The big problem is getting more comments directly from Rob Ford

By Mike Comstock –

I was fortunate enough to sit in on a panel of Sue-Ann Levy (Sun), Royson James (Star) and Marcus Gee (Globe), moderated by John Tory (CFRB). Fixated as I am on Toronto becoming great again, this panel of pundits was like candy. I enjoyed a Toronto focused authoritative and certified talk, made even more poignant by the presences of Councillor Doug Ford observing at front row centre. After a bit of review of the first 100 days with the new mayor, the panel generally agreed that for them the big problem was getting more comments directly from Rob Ford. Like comedians knocking on the door of a joke writer, the group just didn’t have enough material. Doug gave the impression things were going just as planned.

There is a definite schism between the three outlying community council areas and Downtown. The concerns arising within the old city and the new city are simply too different for it to be otherwise. And now15 years later we see why the collapsing of Metro government by amalgamation was not a good thing. Unfortunately we added to the problem when we made a stronger mayoral office rather than moving extra power to the community councils. The new city areas will be guiding administrative decisions for the older Downtown, which is a reversal of influences.

One person asked: “Speaking of assets the city should sell, the elephant in the room that nobody wants to speak about, is the Gardiner Expressway.” That question landed like a lead balloon. Each panelist knew Gardiner Expressway phrases: war on the car, toll roads, congestion fees, blockade to the waterfront, crowding on local roads, etc. Sue-Ann recalled that an environmental assessment has yet to report and was studying tearing part of it down. Royson would like it to come down, there by uniting the Star building to the Downtown core.

The city doesn’t have the money to rebuild it, improve it or even tear it down. New thinking by architects have found rebuilding it and its ramps as aesthetically pleasing from underneath—and separating it from an improved Lakeshore Blvd.—would be the least disruptive, least costly and provide better vehicular flow.

Everyone knows without saying that it will be a toll road eventually. Our Canada Pension Plan’s Investment Board saw fit to buy 10% of the 407-toll road this spring, for $895 million. Somebody would love to purchase the Gardiner, even if they had to replace it with a new model. This is “new thinking” but as a city we have no thought at all, it is the elephant in the room…etc.

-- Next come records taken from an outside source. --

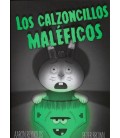 CALZONCILLOS MALEFICOS
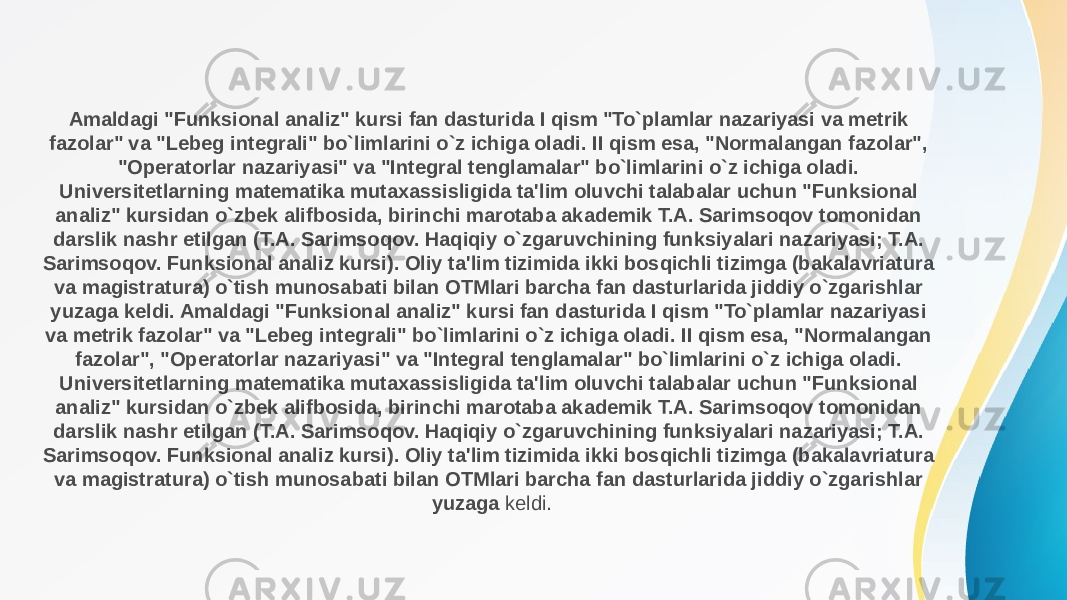 Amaldagi &#34;Funksional analiz&#34; kursi fan dasturida I qism &#34;To`plamlar nazariyasi va metrik fazolar&#34; va &#34;Lebeg integrali&#34; bo`limlarini o`z ichiga oladi. II qism esa, &#34;Normalangan fazolar&#34;, &#34;Operatorlar nazariyasi&#34; va &#34;Integral tenglamalar&#34; bo`limlarini o`z ichiga oladi. Universitetlarning matematika mutaxassisligida ta&#39;lim oluvchi talabalar uchun &#34;Funksional analiz&#34; kursidan o`zbek alifbosida, birinchi marotaba akademik T.A. Sarimsoqov tomonidan darslik nashr etilgan (T.A. Sarimsoqov. Haqiqiy o`zgaruvchining funksiyalari nazariyasi; T.A. Sarimsoqov. Funksional analiz kursi). Oliy ta&#39;lim tizimida ikki bosqichli tizimga (bakalavriatura va magistratura) o`tish munosabati bilan OTMlari barcha fan dasturlarida jiddiy o`zgarishlar yuzaga keldi. Amaldagi &#34;Funksional analiz&#34; kursi fan dasturida I qism &#34;To`plamlar nazariyasi va metrik fazolar&#34; va &#34;Lebeg integrali&#34; bo`limlarini o`z ichiga oladi. II qism esa, &#34;Normalangan fazolar&#34;, &#34;Operatorlar nazariyasi&#34; va &#34;Integral tenglamalar&#34; bo`limlarini o`z ichiga oladi. Universitetlarning matematika mutaxassisligida ta&#39;lim oluvchi talabalar uchun &#34;Funksional analiz&#34; kursidan o`zbek alifbosida, birinchi marotaba akademik T.A. Sarimsoqov tomonidan darslik nashr etilgan (T.A. Sarimsoqov. Haqiqiy o`zgaruvchining funksiyalari nazariyasi; T.A. Sarimsoqov. Funksional analiz kursi). Oliy ta&#39;lim tizimida ikki bosqichli tizimga (bakalavriatura va magistratura) o`tish munosabati bilan OTMlari barcha fan dasturlarida jiddiy o`zgarishlar yuzaga keldi. 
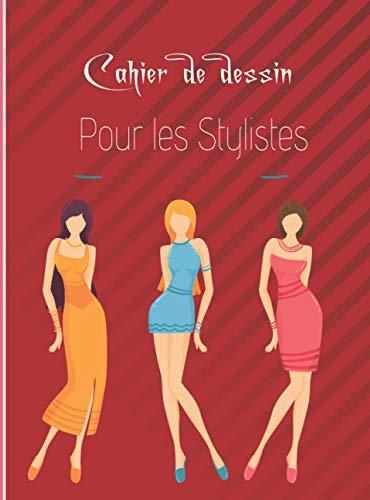 Cahier De Dessin Pour Les Stylistes Carnet De Croquis De Mode Pour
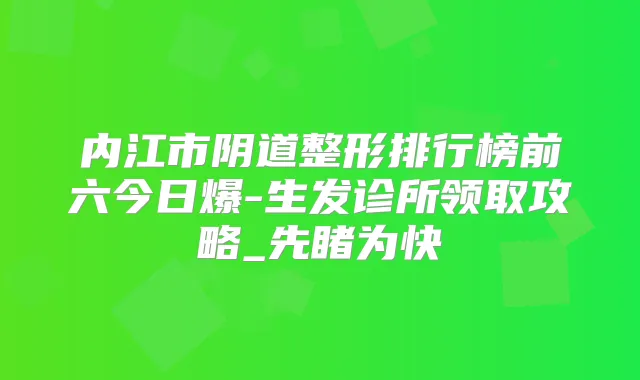 内江市阴道整形排行榜前六今日爆-生发诊所领取攻略_先睹为快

The Toronto Association of BIAs has stumbled upon J.T Singh (, a young social researcher with a unique insight and new ideas about tourism and neighbourhood development. They are having him study and report on some of our neighbourhoods. About Toronto he asks, “Which is the bigger brand Paris or France, is it London or England”? Why then is Toronto always marketed as part of the Ontario package, Toronto with vineyards and Niagara Falls and Mounties in red surge suits? He finds Toronto’s image of itself cloudy and its tourism marketing unfocused. He asks, “yes our true differentiation is multiculturalism but how do we make that something we can share?” Where can you take a tourist to enjoy that aspect of the city? We have to begin work on that. We don’t even have a visitor centre.